Ryan Schram Yawahigu ana amwahao Ol rot bilong laip bilong mi (or, Curriculum vitae)
Research
Most if not all of my research has dealt with the people and communities of Papua New Guinea, first among people of Auhelawa and more recently at a national scale. A complete list of my research publications by type and date can be found here. What follows is an overview of my major research projects.
An ethnography of Auhelawa
Auhelawa is a society on the south coast of Duau (Normanby Island), in Milne Bay Province, Papua New Guinea. Since 2004, I have conducted approximately 20 months of field work in Auhelawa, the longest period being 2006. In my PhD dissertation and in most of the work since then, I have argued that Auhelawa produce a story of their own historical transformation—what they call the end of tradition—by applying their Christian religious practices as models of social change.
Developing stories: News journalism and ethnographic citizenship in PNG
Building on my argument that Auhelawa historical consciousness emerges from the production of practical knowledge, this project examines the role of mass journalism in the production of public knowledge of difference, particularly as culture, in Papua New Guinea in the contemporary period. In both colonial and postcolonial periods, people of Papua New Guinea are recognized as political actors insofar as they present themselves as members of a discrete indigenous society. Rather than assert an epistemic monopoly on people’s diversity, the state compels people to be their own ethnographers in order to be recognized as citizens.
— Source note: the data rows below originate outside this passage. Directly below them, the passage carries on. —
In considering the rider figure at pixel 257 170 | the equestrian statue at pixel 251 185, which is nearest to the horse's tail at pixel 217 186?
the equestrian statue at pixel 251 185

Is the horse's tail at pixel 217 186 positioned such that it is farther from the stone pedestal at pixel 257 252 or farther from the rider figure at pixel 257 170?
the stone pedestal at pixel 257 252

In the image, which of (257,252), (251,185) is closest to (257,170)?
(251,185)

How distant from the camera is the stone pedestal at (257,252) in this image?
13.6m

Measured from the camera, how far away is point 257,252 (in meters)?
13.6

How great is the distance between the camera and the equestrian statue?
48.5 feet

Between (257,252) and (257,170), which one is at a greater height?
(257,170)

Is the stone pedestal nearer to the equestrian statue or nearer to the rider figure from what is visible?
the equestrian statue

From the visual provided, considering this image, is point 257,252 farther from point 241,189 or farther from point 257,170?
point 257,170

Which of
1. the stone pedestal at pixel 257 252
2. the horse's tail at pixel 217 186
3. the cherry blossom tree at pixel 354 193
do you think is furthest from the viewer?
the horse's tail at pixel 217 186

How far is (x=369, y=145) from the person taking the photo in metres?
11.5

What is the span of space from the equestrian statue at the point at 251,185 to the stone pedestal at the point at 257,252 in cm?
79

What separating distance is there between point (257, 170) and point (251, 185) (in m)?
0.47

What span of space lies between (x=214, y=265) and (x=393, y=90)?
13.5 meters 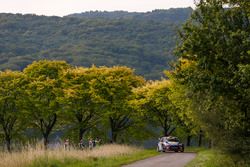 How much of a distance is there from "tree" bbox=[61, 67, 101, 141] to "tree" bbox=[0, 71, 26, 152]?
5.64 m

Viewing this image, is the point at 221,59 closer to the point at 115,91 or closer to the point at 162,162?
the point at 162,162

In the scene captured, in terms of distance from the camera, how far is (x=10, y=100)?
6091cm

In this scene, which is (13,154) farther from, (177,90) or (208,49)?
(177,90)

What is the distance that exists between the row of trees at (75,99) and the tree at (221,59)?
36989 mm

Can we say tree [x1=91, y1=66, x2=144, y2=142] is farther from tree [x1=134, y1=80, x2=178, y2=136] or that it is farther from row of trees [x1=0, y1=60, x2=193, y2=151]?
tree [x1=134, y1=80, x2=178, y2=136]

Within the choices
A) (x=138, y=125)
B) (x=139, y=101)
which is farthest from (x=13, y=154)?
(x=138, y=125)

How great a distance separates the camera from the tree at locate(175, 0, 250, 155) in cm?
2022

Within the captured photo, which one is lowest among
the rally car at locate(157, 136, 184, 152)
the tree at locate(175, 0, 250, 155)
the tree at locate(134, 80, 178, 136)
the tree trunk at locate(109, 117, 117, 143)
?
the tree trunk at locate(109, 117, 117, 143)

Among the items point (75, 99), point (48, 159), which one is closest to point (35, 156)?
point (48, 159)

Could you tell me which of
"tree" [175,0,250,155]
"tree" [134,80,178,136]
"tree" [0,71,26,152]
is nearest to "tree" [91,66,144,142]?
"tree" [134,80,178,136]

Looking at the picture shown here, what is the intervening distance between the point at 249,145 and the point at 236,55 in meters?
4.26

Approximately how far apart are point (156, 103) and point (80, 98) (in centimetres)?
1009

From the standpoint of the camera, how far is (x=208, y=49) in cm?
2111

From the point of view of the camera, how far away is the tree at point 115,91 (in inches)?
2405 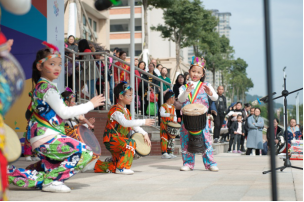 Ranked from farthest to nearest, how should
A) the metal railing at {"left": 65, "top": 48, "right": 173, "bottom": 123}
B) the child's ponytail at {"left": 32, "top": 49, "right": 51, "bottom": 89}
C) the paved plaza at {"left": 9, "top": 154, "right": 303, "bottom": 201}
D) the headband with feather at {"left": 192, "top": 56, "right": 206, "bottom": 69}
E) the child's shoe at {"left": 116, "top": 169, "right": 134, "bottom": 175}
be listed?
the metal railing at {"left": 65, "top": 48, "right": 173, "bottom": 123} → the headband with feather at {"left": 192, "top": 56, "right": 206, "bottom": 69} → the child's shoe at {"left": 116, "top": 169, "right": 134, "bottom": 175} → the child's ponytail at {"left": 32, "top": 49, "right": 51, "bottom": 89} → the paved plaza at {"left": 9, "top": 154, "right": 303, "bottom": 201}

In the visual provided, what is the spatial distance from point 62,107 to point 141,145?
2.67 meters

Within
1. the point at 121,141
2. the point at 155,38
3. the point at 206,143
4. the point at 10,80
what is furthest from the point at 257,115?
the point at 155,38

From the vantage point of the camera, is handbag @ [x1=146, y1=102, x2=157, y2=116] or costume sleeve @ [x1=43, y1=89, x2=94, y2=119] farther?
handbag @ [x1=146, y1=102, x2=157, y2=116]

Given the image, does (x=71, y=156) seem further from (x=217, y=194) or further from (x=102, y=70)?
(x=102, y=70)

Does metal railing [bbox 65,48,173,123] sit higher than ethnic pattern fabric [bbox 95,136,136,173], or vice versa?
metal railing [bbox 65,48,173,123]

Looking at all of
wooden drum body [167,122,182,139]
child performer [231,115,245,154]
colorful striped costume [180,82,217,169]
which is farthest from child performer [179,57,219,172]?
child performer [231,115,245,154]

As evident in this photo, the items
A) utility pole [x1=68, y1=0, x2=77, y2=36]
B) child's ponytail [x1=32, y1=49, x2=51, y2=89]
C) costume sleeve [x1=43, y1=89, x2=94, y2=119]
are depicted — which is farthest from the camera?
utility pole [x1=68, y1=0, x2=77, y2=36]

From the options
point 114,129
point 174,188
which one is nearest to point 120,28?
point 114,129

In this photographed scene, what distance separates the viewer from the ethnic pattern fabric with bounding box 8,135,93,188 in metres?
4.72

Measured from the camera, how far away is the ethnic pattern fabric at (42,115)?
4.76 metres

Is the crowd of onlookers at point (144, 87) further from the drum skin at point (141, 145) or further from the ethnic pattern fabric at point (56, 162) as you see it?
the ethnic pattern fabric at point (56, 162)

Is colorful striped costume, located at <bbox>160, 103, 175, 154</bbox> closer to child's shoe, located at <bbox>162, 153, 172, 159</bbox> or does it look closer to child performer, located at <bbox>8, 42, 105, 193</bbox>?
child's shoe, located at <bbox>162, 153, 172, 159</bbox>

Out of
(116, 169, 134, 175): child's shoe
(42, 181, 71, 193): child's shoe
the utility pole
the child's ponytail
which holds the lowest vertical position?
(116, 169, 134, 175): child's shoe

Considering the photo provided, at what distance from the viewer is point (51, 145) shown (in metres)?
4.71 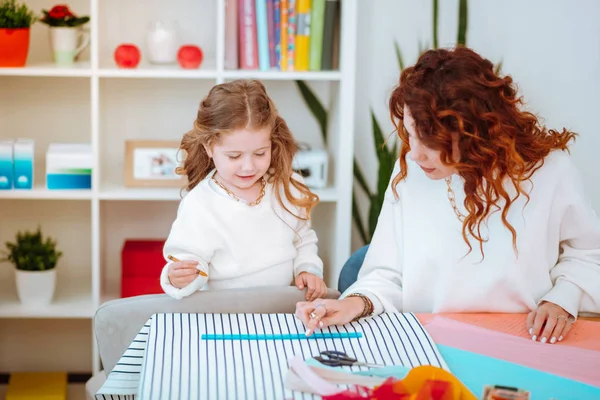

Mass journalism, as social institution, government initiative, or both, takes on the role of public ethnographer, and in the process proliferates many new kinds of political agency.
How people became Papuans
A bridge between my work on Auhelawa and my work on mass journalism has been investigations into the colonial experience of Auhelawa and their neighbors, with particular attention to how cultural boundaries are formed in the contact zone among Pacific Islanders and Europeans in the Coral Sea between Australia and New Guinea. (Arguably Indigenous Australians, Chinese, and others are part of this contact zone, although this has not been a part of my research in this area.)